== TASK INSTRUCTIONS ==
In the listing below, locate the line containing "125 S Blvd Of" and the line containing "For Rent! 3". Output both of them and every line between, exactly as written, and nothing more.

== RECORDS FOR THE EXERCISE ==
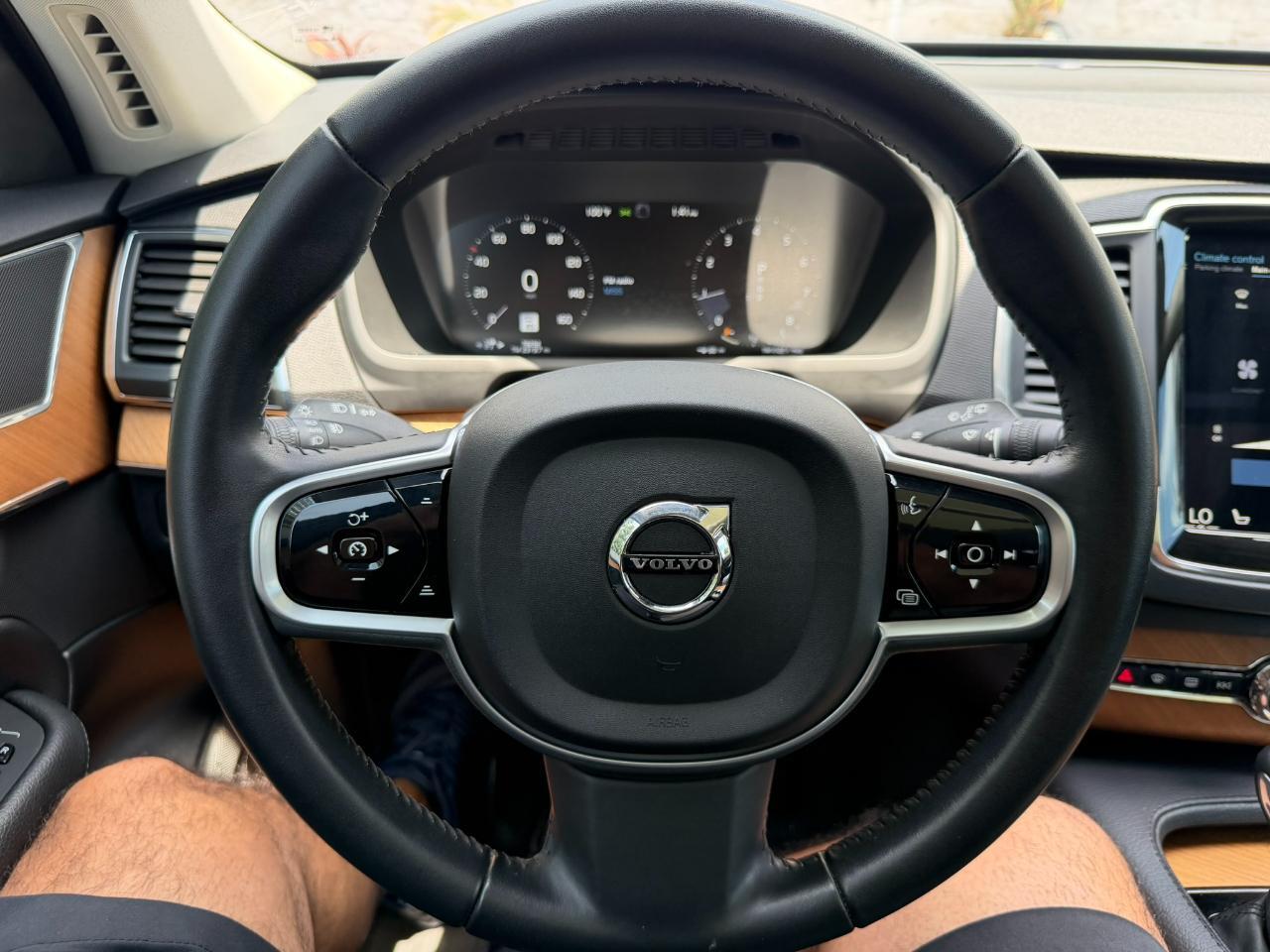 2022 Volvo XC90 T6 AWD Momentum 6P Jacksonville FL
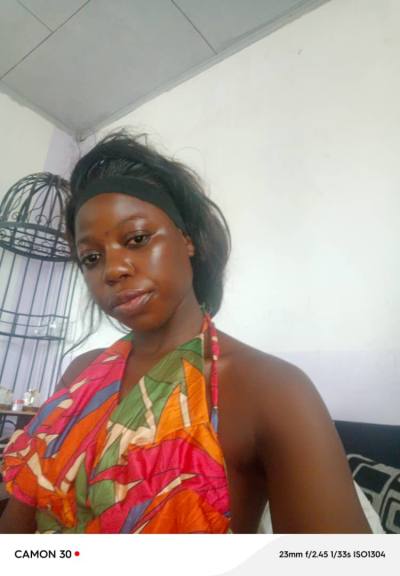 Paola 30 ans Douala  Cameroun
...
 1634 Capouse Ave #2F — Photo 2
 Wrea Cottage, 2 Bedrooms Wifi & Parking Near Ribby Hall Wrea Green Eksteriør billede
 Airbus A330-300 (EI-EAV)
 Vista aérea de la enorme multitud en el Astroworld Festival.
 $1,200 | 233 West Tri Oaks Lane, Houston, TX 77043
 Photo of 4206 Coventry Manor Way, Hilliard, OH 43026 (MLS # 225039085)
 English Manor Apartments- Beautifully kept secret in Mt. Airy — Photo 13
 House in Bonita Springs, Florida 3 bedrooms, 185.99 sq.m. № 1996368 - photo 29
---
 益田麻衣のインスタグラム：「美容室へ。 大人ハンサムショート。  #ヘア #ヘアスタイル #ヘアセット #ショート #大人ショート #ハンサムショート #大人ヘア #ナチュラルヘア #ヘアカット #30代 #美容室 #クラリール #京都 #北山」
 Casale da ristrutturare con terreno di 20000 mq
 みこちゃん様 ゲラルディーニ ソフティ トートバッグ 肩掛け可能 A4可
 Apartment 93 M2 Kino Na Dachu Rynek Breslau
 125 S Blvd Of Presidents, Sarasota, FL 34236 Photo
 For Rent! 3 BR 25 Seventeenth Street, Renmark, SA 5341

== WRITTEN SOLUTION ==
 125 S Blvd Of Presidents, Sarasota, FL 34236 Photo
 For Rent! 3 BR 25 Seventeenth Street, Renmark, SA 5341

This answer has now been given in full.